Would you return, word for word, the lines of the data below from the line with "4 Dewey Street Exeter NH 03833" through the line with "Bodrum'da hava 32", and no others?

(EXERCISE INPUT Opens)

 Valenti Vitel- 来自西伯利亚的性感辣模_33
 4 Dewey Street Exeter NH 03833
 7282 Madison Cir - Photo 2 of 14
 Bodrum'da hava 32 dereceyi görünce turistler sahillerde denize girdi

(EXERCISE INPUT Closes)
(EXERCISE INPUT Opens)

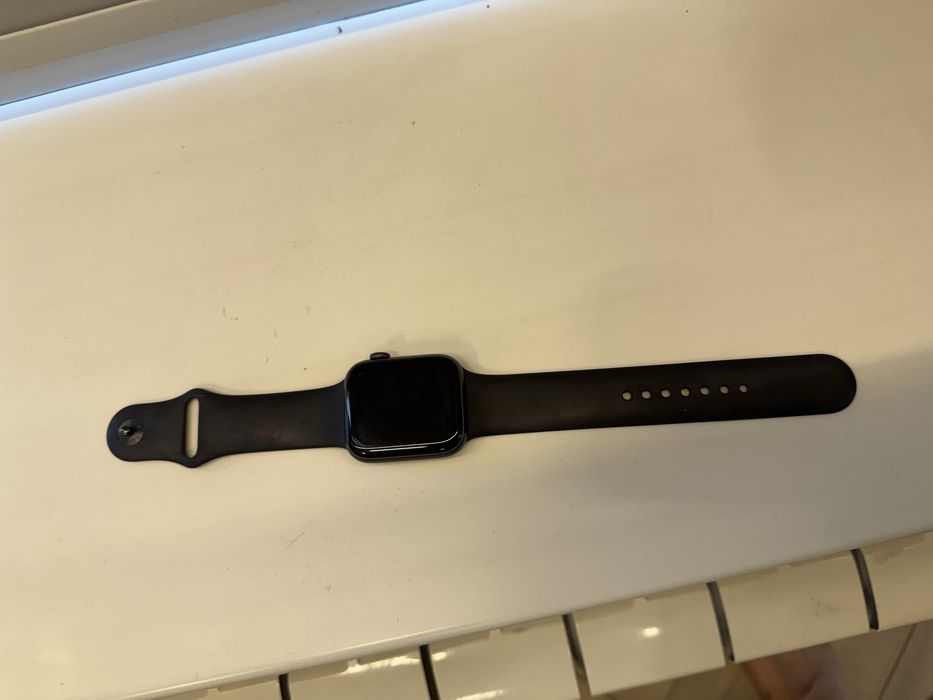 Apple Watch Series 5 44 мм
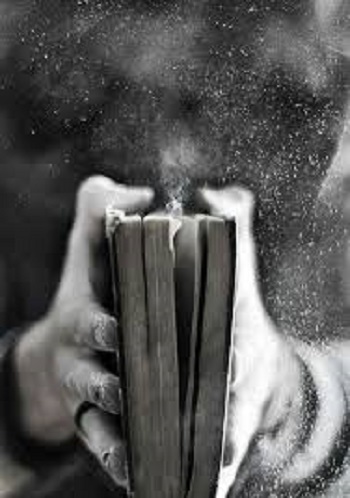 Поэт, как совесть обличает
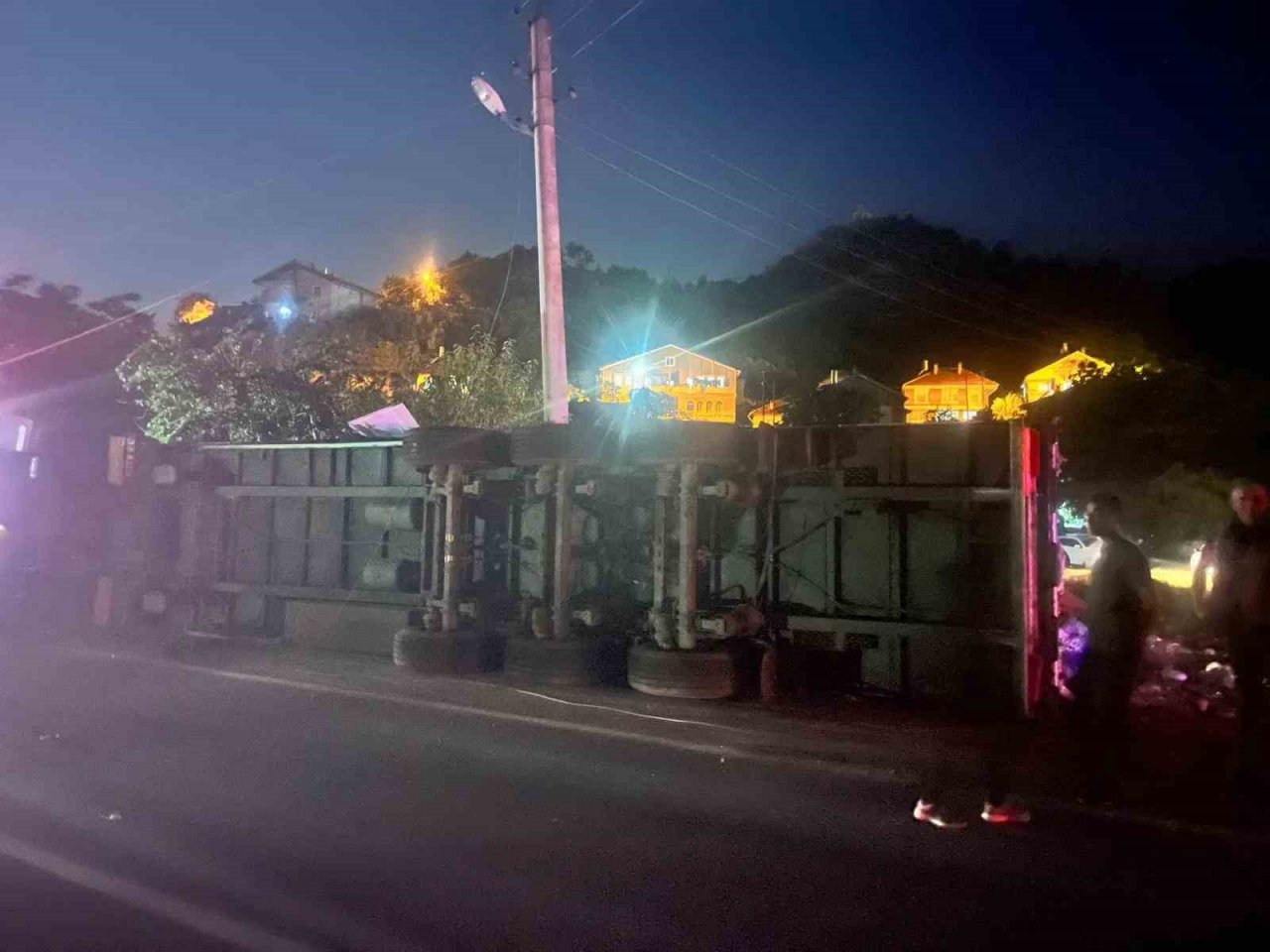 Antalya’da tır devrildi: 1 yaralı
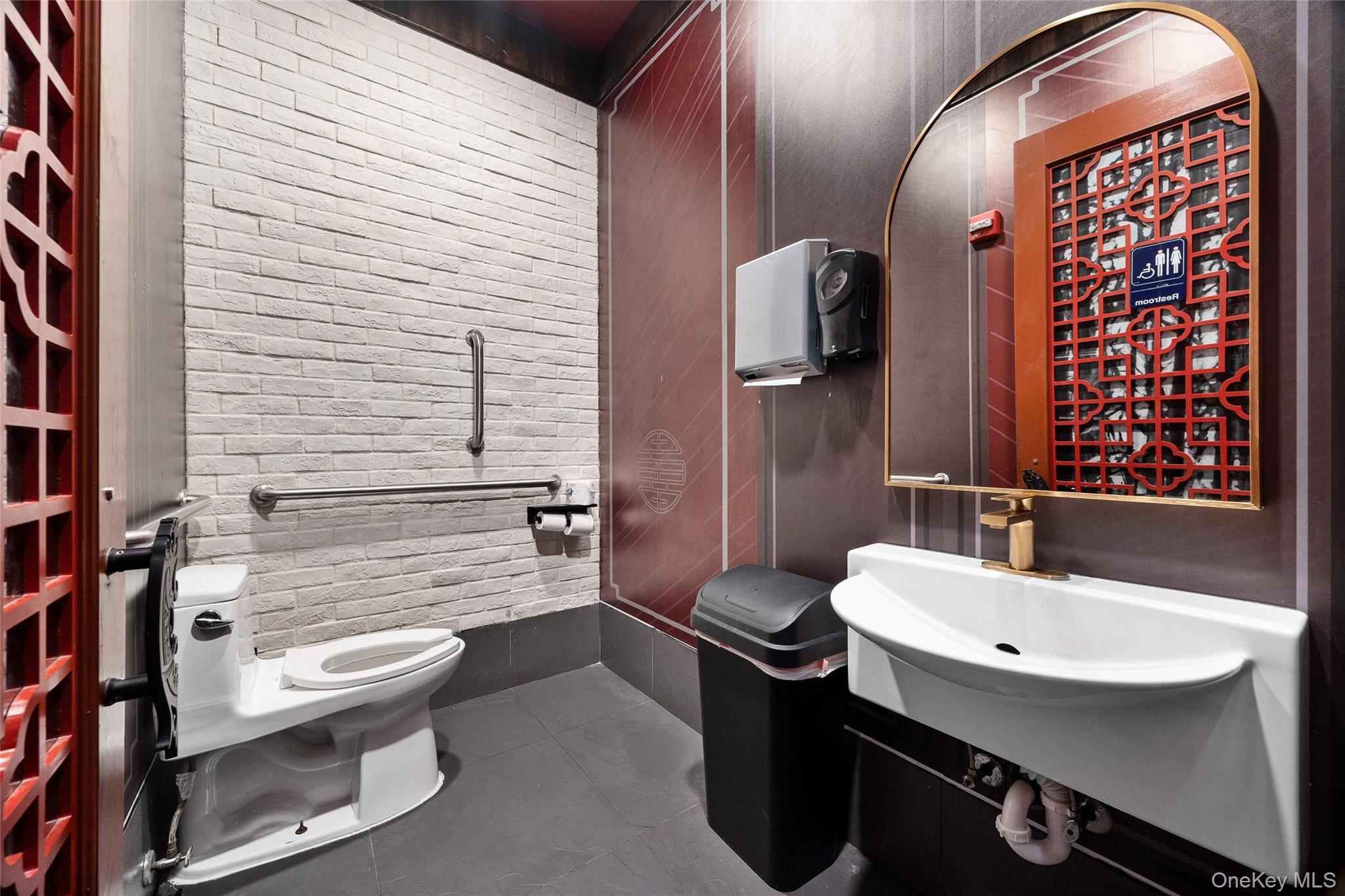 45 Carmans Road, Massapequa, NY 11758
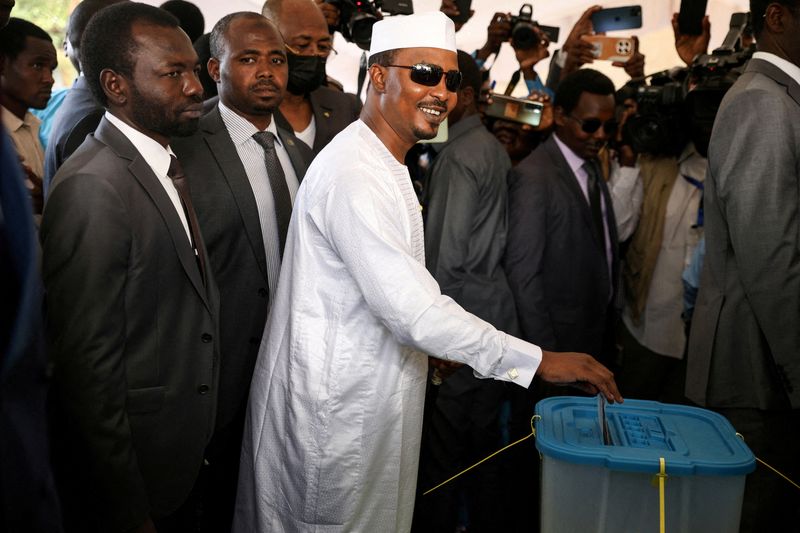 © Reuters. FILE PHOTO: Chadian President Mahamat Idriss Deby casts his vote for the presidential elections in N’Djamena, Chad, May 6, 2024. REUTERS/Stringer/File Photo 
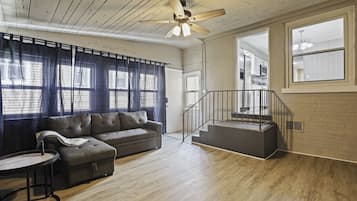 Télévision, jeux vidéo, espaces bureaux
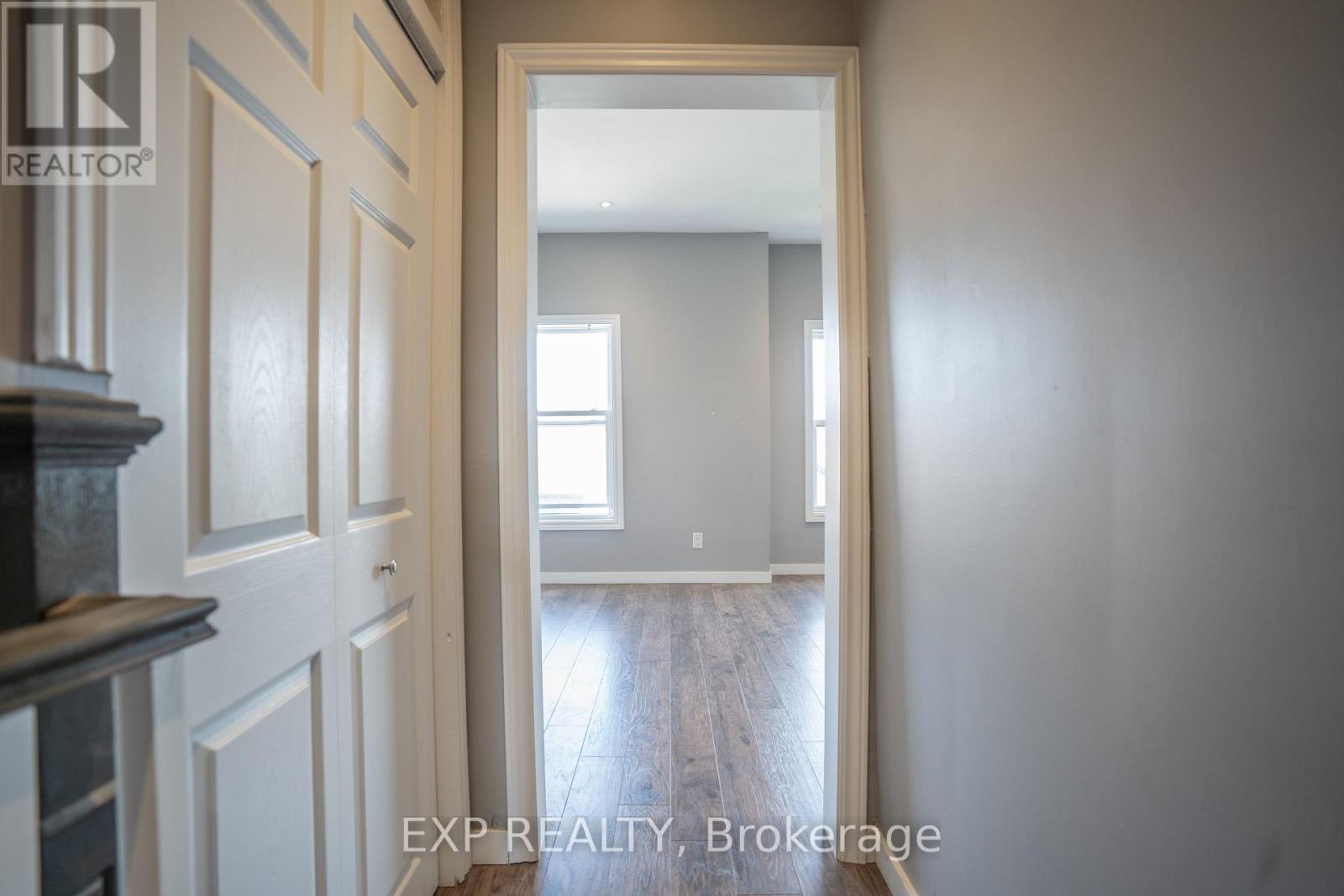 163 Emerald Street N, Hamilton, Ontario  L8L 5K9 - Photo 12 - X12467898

(EXERCISE INPUT Closes)

• ANSWER BELOW
 4 Dewey Street Exeter NH 03833
 7282 Madison Cir - Photo 2 of 14
 Bodrum'da hava 32 dereceyi görünce turistler sahillerde denize girdi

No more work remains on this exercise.